(Supplied records begins)
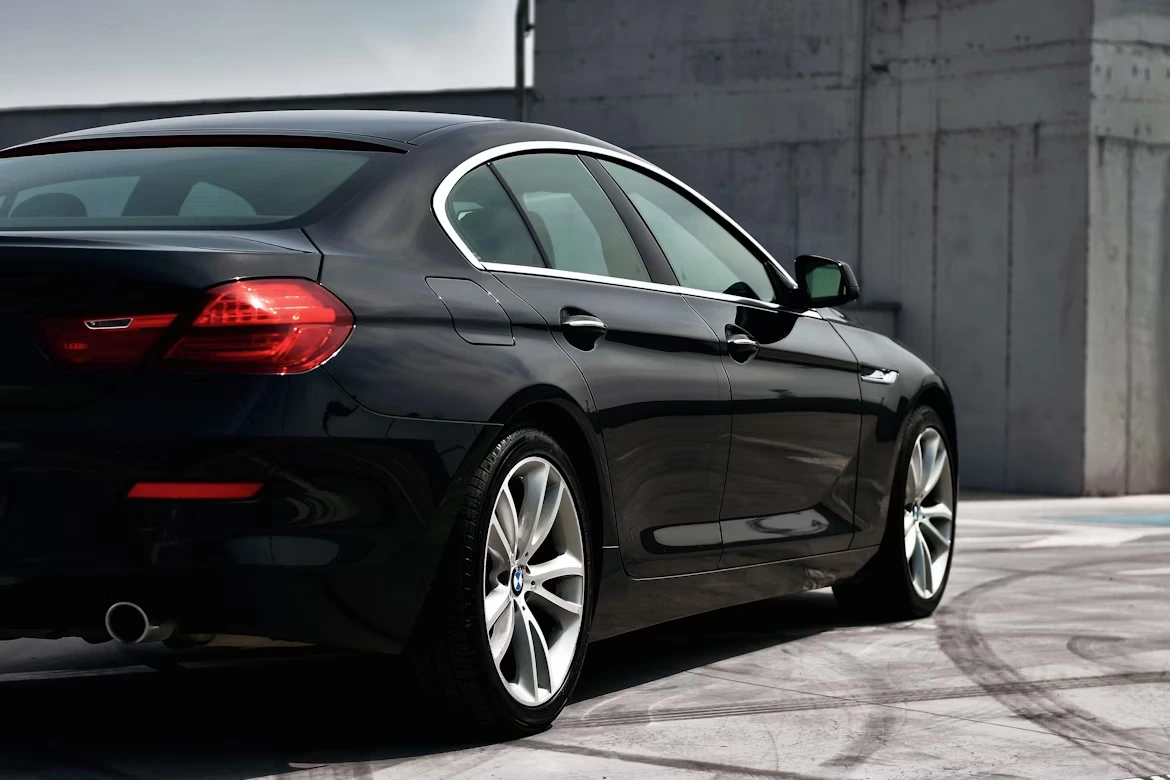 Black sedan parked near a building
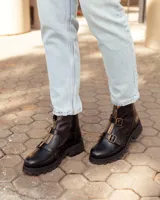 Botas de cuero negras con suela track, cierre frontal dorado y dos hebillas decorativas en el empeine.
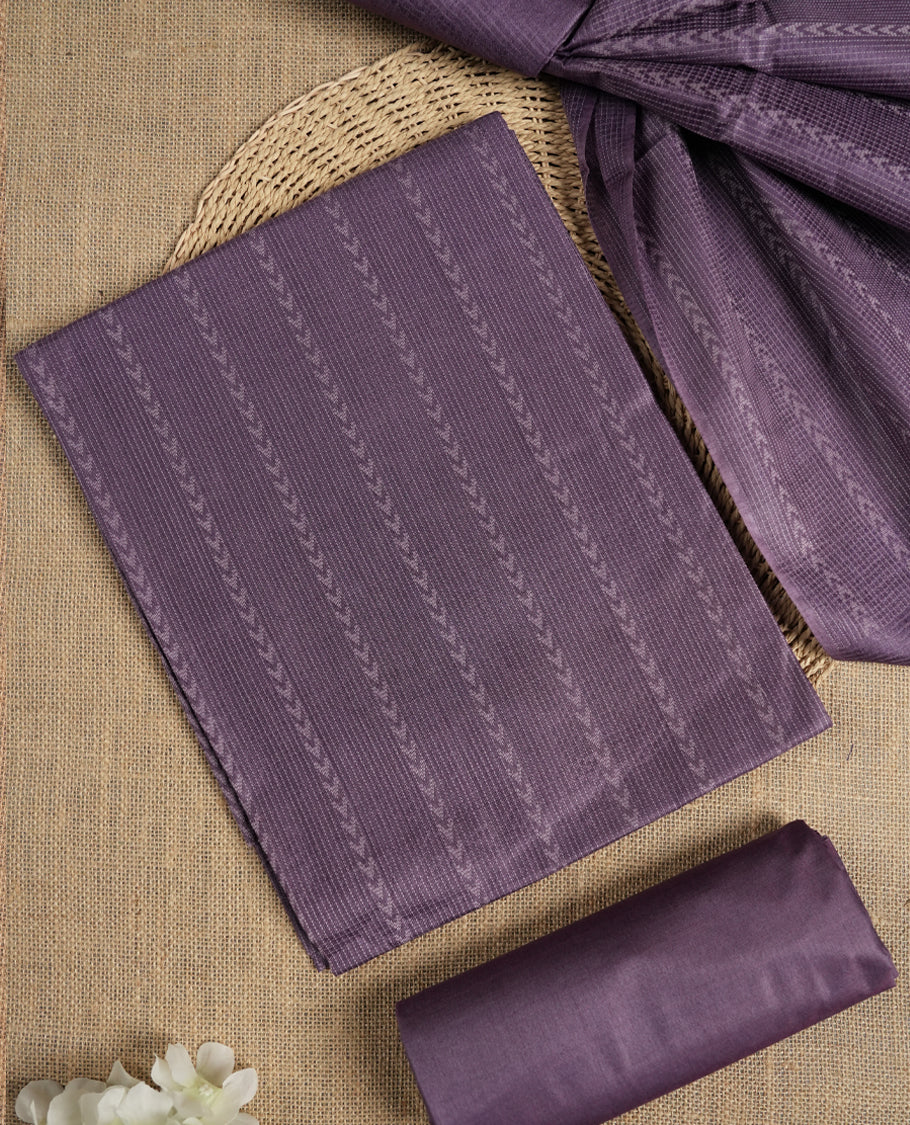 Lavender colour tussar suit material adorned with intricate woven patterns and subtle motifs, exuding ethnic elegance & Paired with a beautifully bordered dupatta and a matching plain bottom.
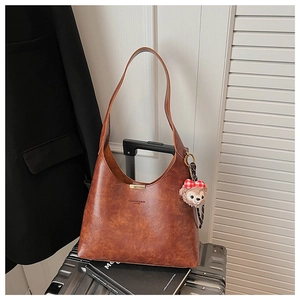 Detail of caramel leather tote bag with metallic magnetic buckle and plush bear pendant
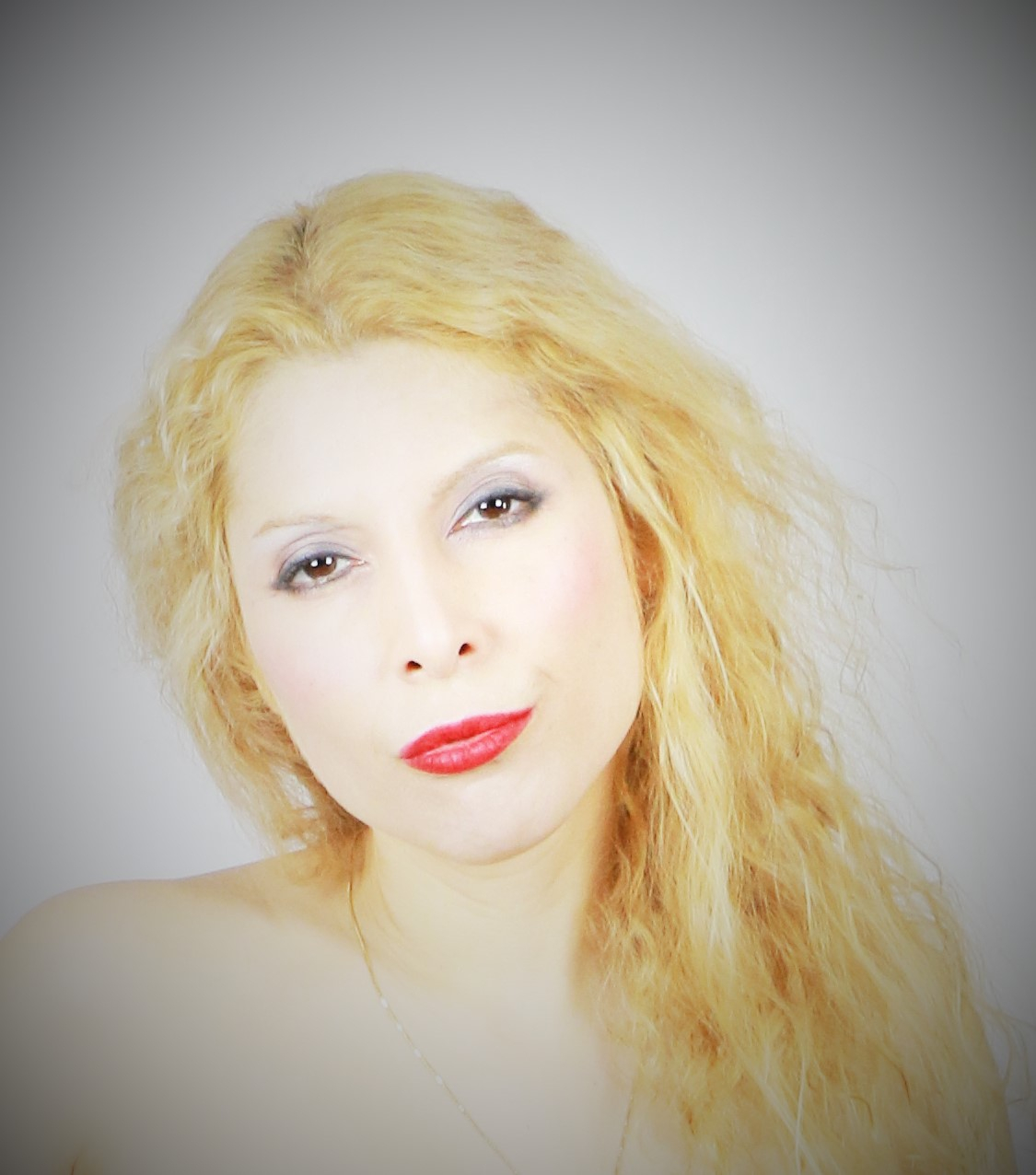 Portrait of a woman with long, wavy blonde hair, light makeup, and red lipstick, looking at the camera.
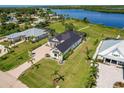 Aerial view of waterfront homes showcasing community layout at 2073 Treasure Ln, Punta Gorda, FL 33982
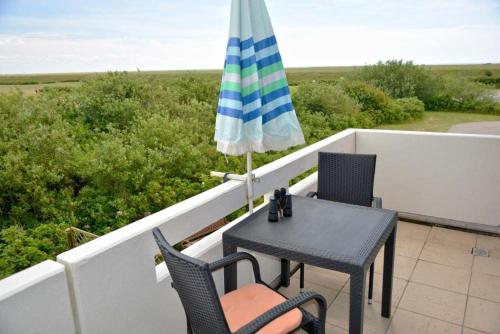 a table and chairs on a balcony with an umbrella at Haus am Golfplatz Nr 06 Ferienwohnung Strandblick in Süderhöft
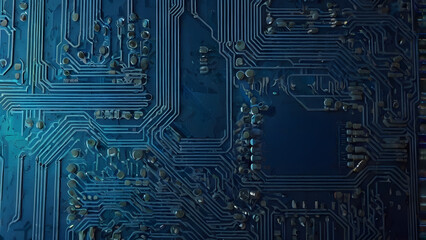 Intricate blue circuit board close-up revealing complex electronic pathways and microchip components, symbolizing advanced technology and digital data processing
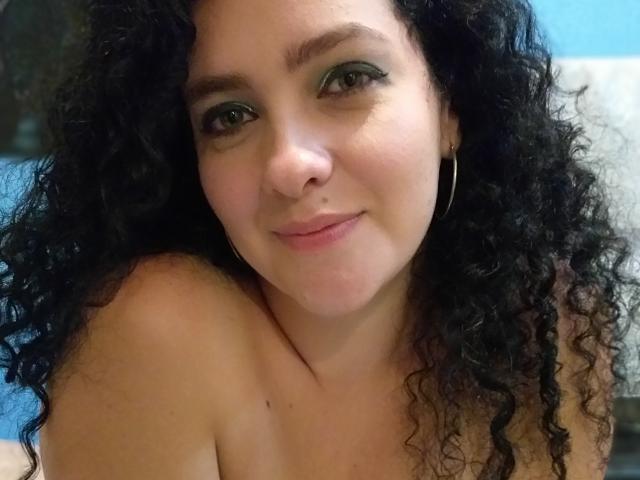 GinebraNova has curly black hair, green eye makeup, a nose ring, and is smiling with small, pink-tinted nipples visible. She's wearing a thin gold hoop earring.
(Supplied records ends)
--- Work to be completed ---
Using the entries above, write out exactly the lines from the one with "Aerial view of" through the one with "a table and", ends included. Leave out any pictures.

--- Written reply ---
 Aerial view of waterfront homes showcasing community layout at 2073 Treasure Ln, Punta Gorda, FL 33982
 a table and chairs on a balcony with an umbrella at Haus am Golfplatz Nr 06 Ferienwohnung Strandblick in Süderhöft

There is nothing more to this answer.